The Standards for Mathematical Practice focus on the nature of the learning experiences by attending to the thinking processes and habits of mind that students need to develop in order to attain a deep and flexible understanding of mathematics. Certain tasks lend themselves to the demonstration of specific practices by students. The practices that are observable during exploration of a task depend on how instruction unfolds in the classroom. While it is possible that tasks may be connected to several practices, the commentary will spotlight one practice connection in depth. Possible secondary practice connections may be discussed but not in the same degree of detail.

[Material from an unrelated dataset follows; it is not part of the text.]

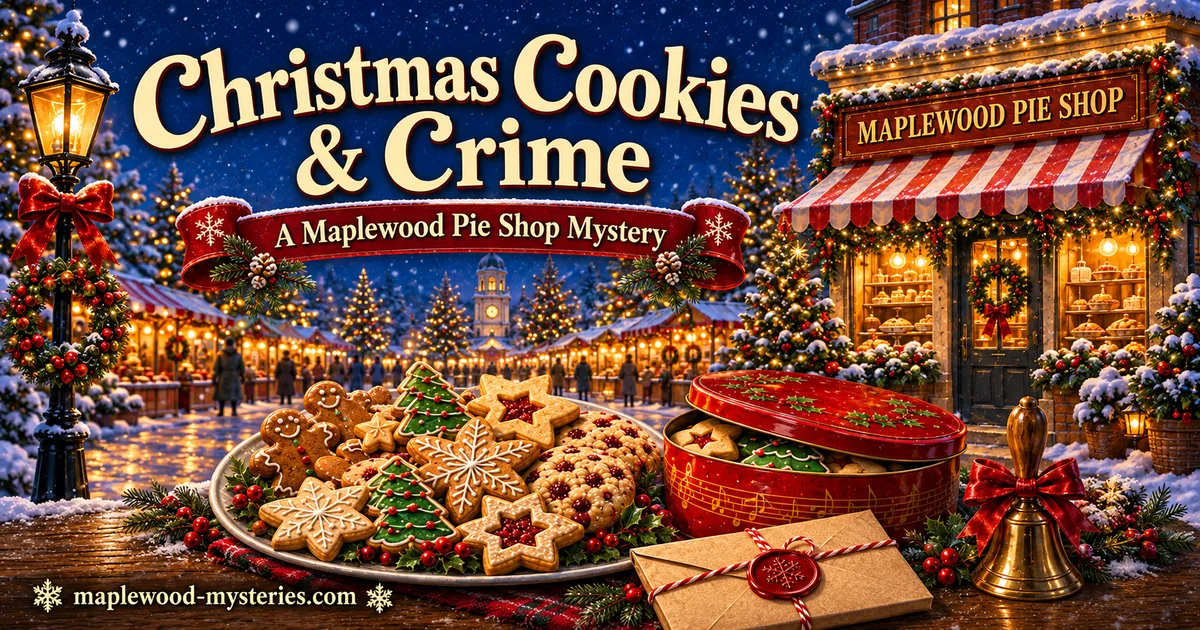 Christmas Cookies & Crime book image with holiday cookies and a snowy Maplewood mystery mood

This task helps illustrate Mathematical Practice Standard 6, “Attend to precision.” This task provides an opportunity to discuss the accuracy of these calculations and an appropriate level of precision. For example, it is obviously not possible to count the total number of ants in the world at any given moment, nor is it feasible to weigh every adult human. Similarly, the numbers in the task statement make heavy use of "averages" (implicit and unstated is that these averages are mean values, bringing an opportunity to discuss precision in mathematical terminology), a process which inherently raises questions -- were children included in the average human mass calculation? How would their exclusion affect the conclusion? Questions of this form abound, and their analysis fosters critical thinking skills. 

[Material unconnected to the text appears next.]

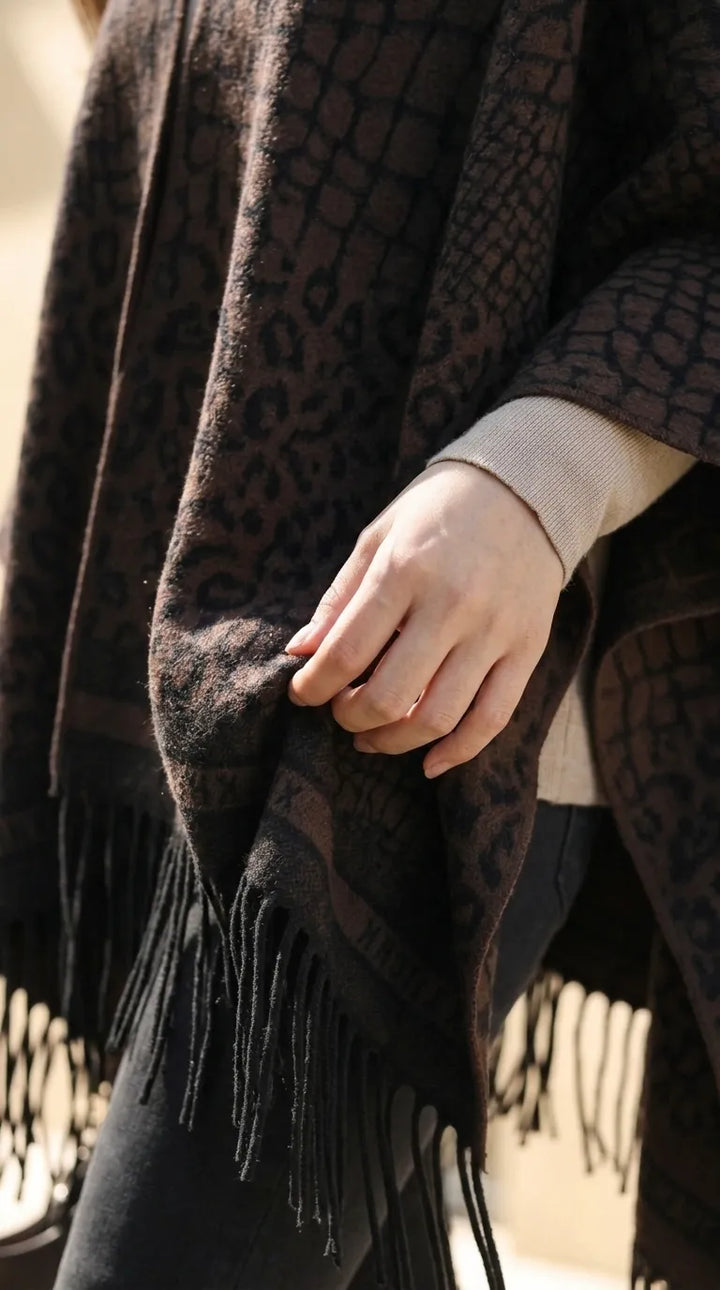 Brown Acrylic Cape Shawl PW611202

Students engage in MP.6 by communicating precisely to others using scientific and/or decimal notation, accurate metric labeling, and mathematical terminology. First, students determine the unit of measure that would be most accurate and appropriate to compare the total mass of living ants to the total mass of all living humans, grams or kilograms.  Once they determine the appropriate unit of measure, then they use scientific notation to find the approximate total mass of all ants and all humans. This process emphasizes precision once again by centering on the accuracy of these calculations and on the appropriate level of precision that is required in this context.  

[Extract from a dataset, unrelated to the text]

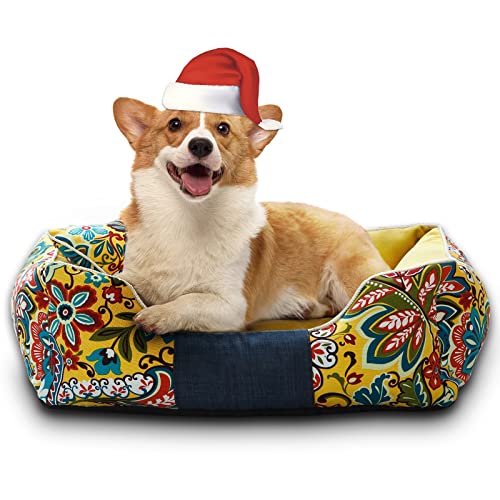 Goodppy Washable Dog Bed With Fully Removable Cover, Bolster Pet Bed With Durable Sides For Medium To Large Dogs, Rectangular Dog Bed With Pillow, L #TOP1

We are told the total number of ants in the world is about 10,000 trillion or $10,000 \times 10^{12} = 10^4 \times 10^{12} = 10^{16}$ ants. In addition, the average mass of a single ant is $4 \times 10^{-3}$ grams. Thus, the approximate total mass of all ants in the world is $$ \left( 4 \times 10^{-3} \text{g} \right) \left(10^{16}\right) = 4 \times 10^{-3+16} \text{g} = 4 \times 10^{13} \text{g.}$$

The mass for humans is given in kilograms while the mass for ants is in grams. We convert the unit of mass for a human to grams as follows, $$\left(65 \text{kg}\right) \left(\frac{10^3 \text{g}}{1 \text{kg}} \right) = \left( 65 \times 10^3 \right) \text{g} = \left(6.5 \times 10^1 \right) \left(10^3 \right) \text{g} = 6.5 \times 10^{1+3} \text{g} = 6.5 \times 10^4 \text{g.}$$ Since there are 6.84 billion humans on earth, the total mass of all humans on earth can be approximated as

\begin{align} \left( 6.5 \times 10^4 \text{g} \right) \left(6.84 \ \text{billion} \right) &= \left( 6.5 \times 10^4 \text{g} \right) \left(6.84 \times 10^9 \right)\\ &= \left( 6.5 \times 6.84 \right) \left(10^4 \times 10^9 \right) \text{g}\\ &= 44.46 \times 10^{4+9} \text{g}\\ &= \left(4.446 \times 10^1\right) \times 10^{13} \text{g}\\ &= 4.446 \times 10^{14} \text{g.} \end{align}

Thus, the total mass of all humans in the world is greater than the total mass of all ants in the world. In fact, the calculations above show the total mass of all humans in the world is about 10 times the total mass of all ants.

Jack says:

about 1 month

Additionally, it says "the total" twice in a row which oddly my eyes tend to skip over autonomically as if it were some sort of brain teaser.

Jack says:

about 1 month

The average mass of an adult human is given. However, the first question asks about the total mass of all living humans. Since not all humans are adult humans, I believe I don't have enough information to answer this correctly. (But I definitely could be mistaken)

Bridget Dunbar says:

over 4 years

Just checking...but should the second line of the solution say: 10,000 x 10^9 = 10^4 x 10^9 = 10^13 ants???

Kristin says:

over 4 years

It did have a typo; it's fixed now. Thanks!